- **WORK INSTRUCTIONS**
Only the lines below from the one with "画像ギャラリー No.001のサムネイル画像 /" through the one with "ЭКСТАЗИ таблы Южно-Сахалинск" are to be written out, exactly and without any images.

- **DATA TO EXAMINE**
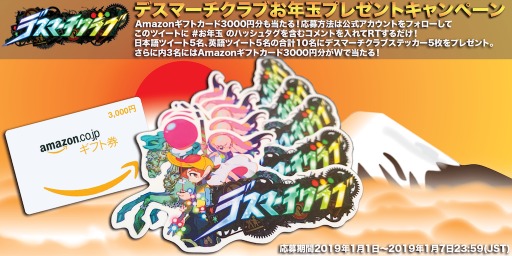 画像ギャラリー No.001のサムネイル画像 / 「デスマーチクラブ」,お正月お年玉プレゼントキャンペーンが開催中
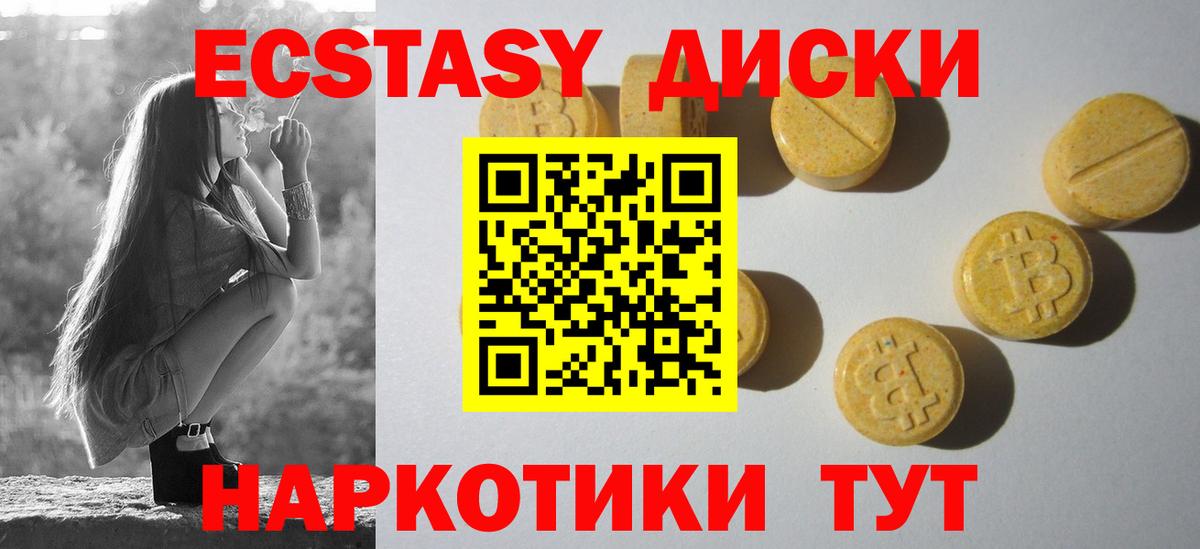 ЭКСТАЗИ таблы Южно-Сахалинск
...
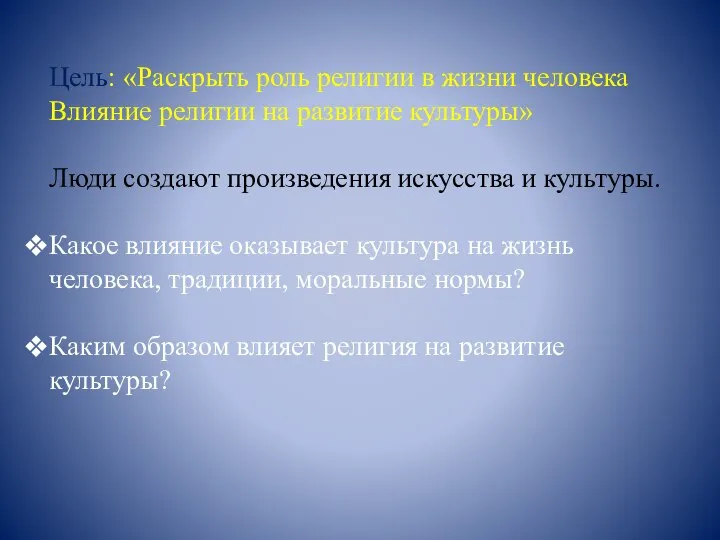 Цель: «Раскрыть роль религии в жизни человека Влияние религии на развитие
...
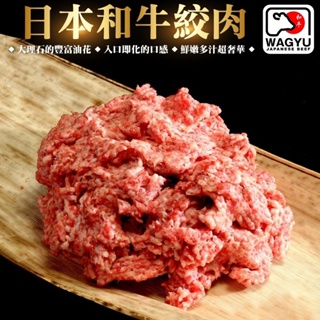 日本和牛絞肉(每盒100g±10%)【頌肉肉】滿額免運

- **RESPONSE FOR THIS EXERCISE**
 画像ギャラリー No.001のサムネイル画像 / 「デスマーチクラブ」,お正月お年玉プレゼントキャンペーンが開催中
 ЭКСТАЗИ таблы Южно-Сахалинск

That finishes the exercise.